[Date Prev][Date Next][Thread Prev][Thread Next]
[Date Index]
[Thread Index]
- Subject: Re: Will Lua kernel use Unicode in the future?
- From: Klaus Ripke <paul-lua@...>
- Date: Thu, 29 Dec 2005 15:06:13 +0100
On Thu, Dec 29, 2005 at 11:38:57AM +0000, Lisa Parratt wrote:
>
> On 29 Dec 2005, at 11:06, Klaus Ripke wrote:
> >http://lua-users.org/wiki/LuaUnicode
>
> A few observations, reading this page:
>
> Lack of "\U+1234" style unicode character escapes - it strikes me
> that the code to isolate such an escape, and then convert it to an 8
> bit string would only take a few lines of code. Is there a good
> theological reason why this isn't supported?
It would require the parser to settle for a given encoding
like UTF-8 or UCS2 or UTF16 or ...
OTOH a preprocessing step either at build time or
as a load hook could do this and much more.
Personally I prefer to have my editor produce UTF-8.
> Inability to use UTF-8 identifiers due to use of isalpha and isalnum
> - surely it would be better to use hardcoded functions for
> determining if the characters in an identifier are valid? Otherwise
> there will be potential locale issues anyway. Locales should apply to
> human languages, not computer languages!
d'accord (although this is not unicode related)
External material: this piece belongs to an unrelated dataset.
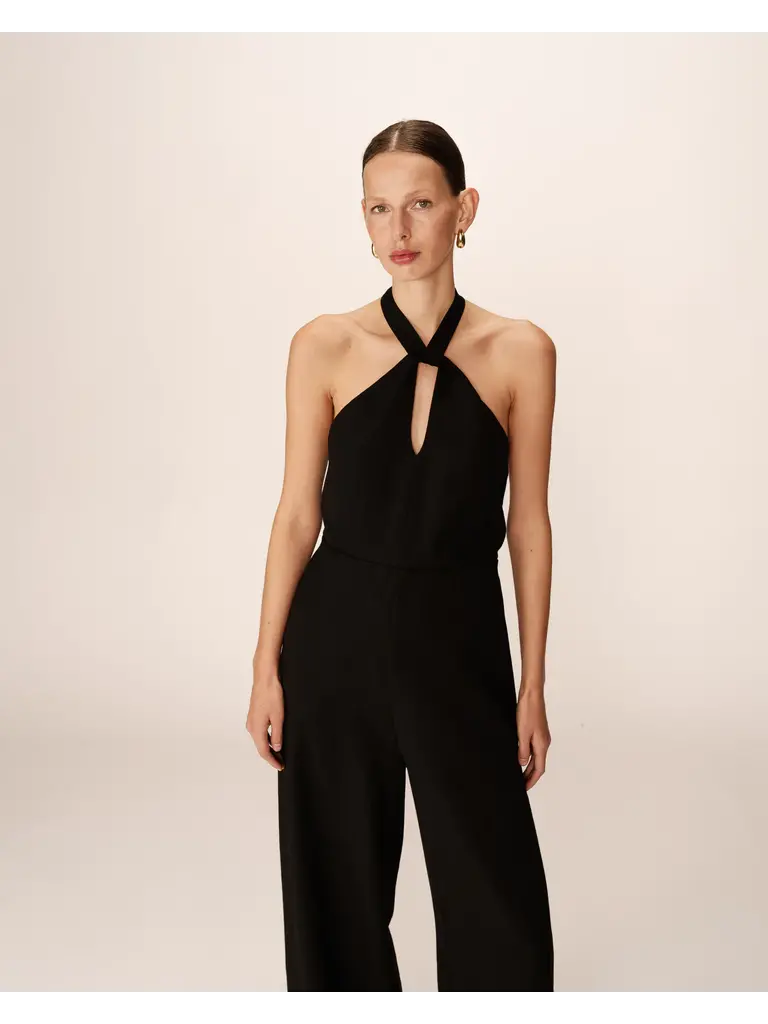 Grace & Mila Velvet Halter Jumpsuit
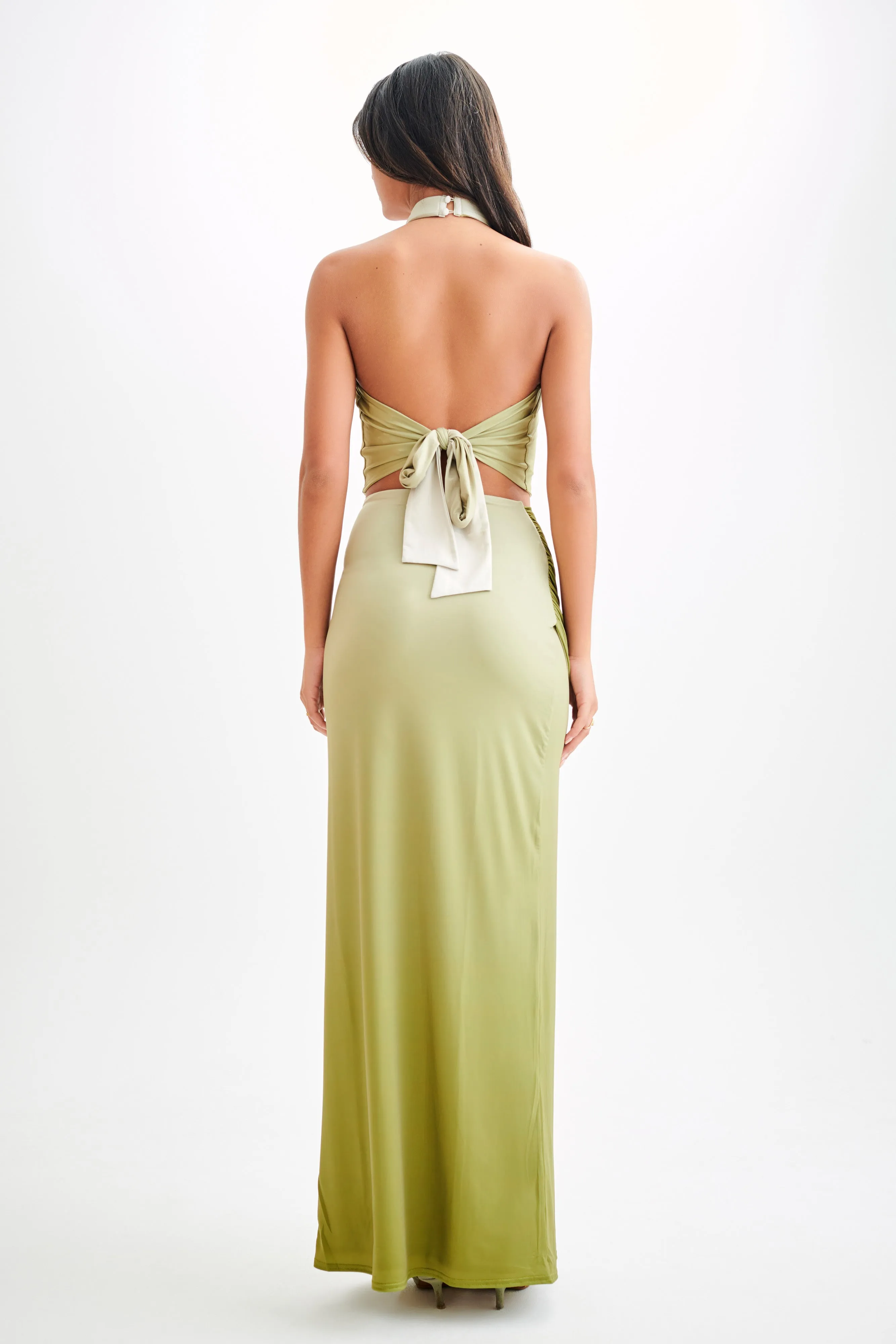 Bronwyn Slinky Ruched Maxi Skirt With Split - Ombre Vintage Olive Durable Material Quick Comfort Fit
> Unicode string comparison and normalisation issues - I might be being
> forgetful, but I was under the impression C99 added Unicode compliant
> wide character comparison functions - perhaps these should be used if
> present?
You might not want to use wide chars at all
(there are pros and cons compared to using UTF-8 internally).
For UTF-8 good old strcoll/strxfrm (hence Lua) does the job,
with appropriate locale settings.
Anyway many consider the "locale" mechanism broken,
and a full implementation of the unicode collation algorithm
has to be quite expensive.
regards